• **Work to complete**
Output the full listing exactly as written, with no pictures in it.

• **Material provided**
§
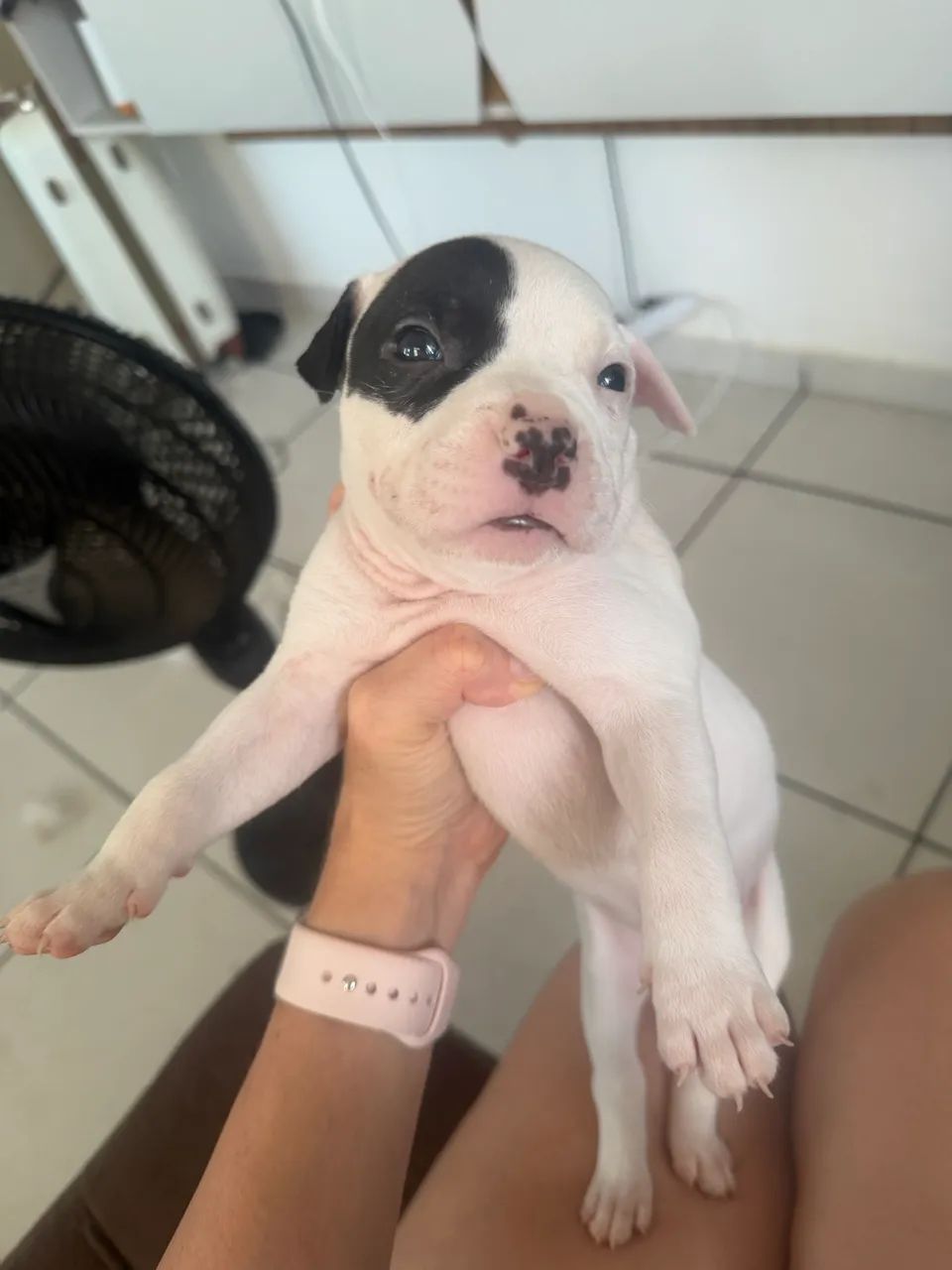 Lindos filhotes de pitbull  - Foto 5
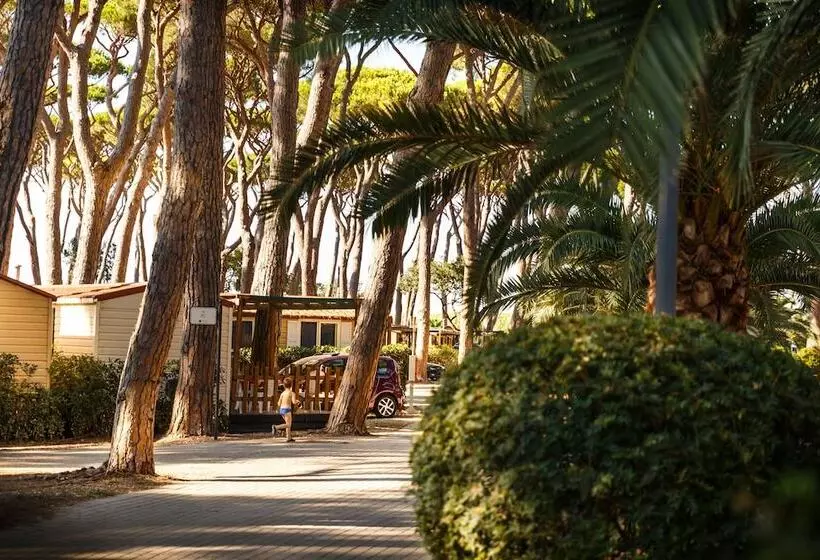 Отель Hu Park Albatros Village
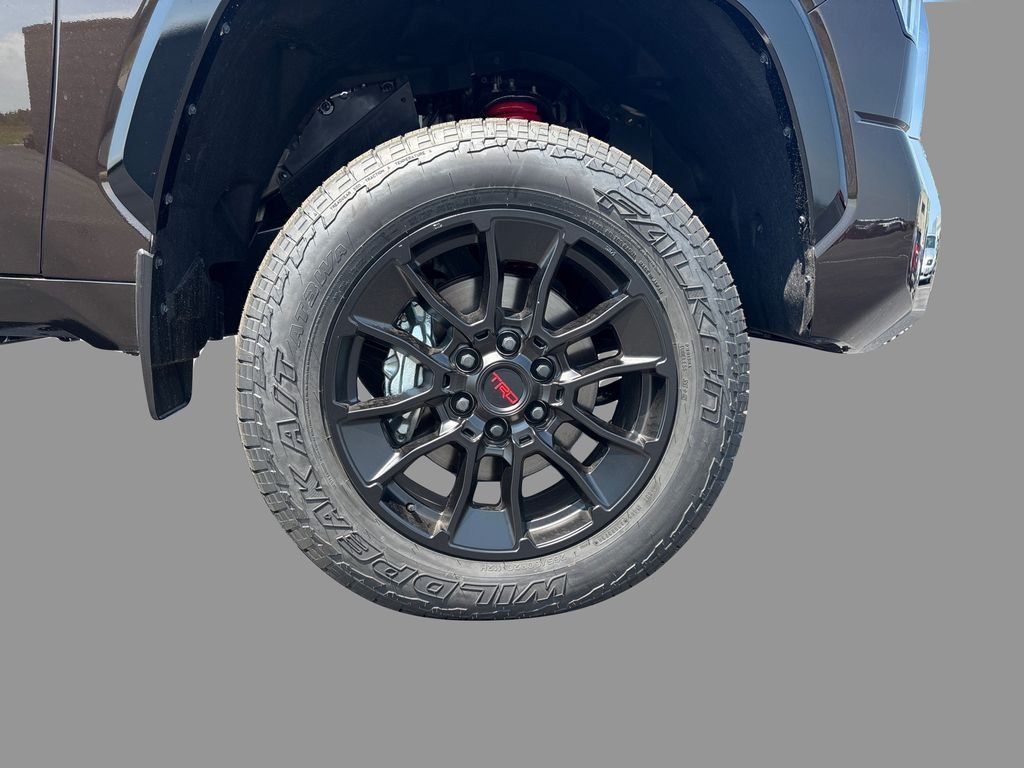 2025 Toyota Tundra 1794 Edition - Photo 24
§
• **Worked solution**
 Lindos filhotes de pitbull  - Foto 5
 Отель Hu Park Albatros Village
 2025 Toyota Tundra 1794 Edition - Photo 24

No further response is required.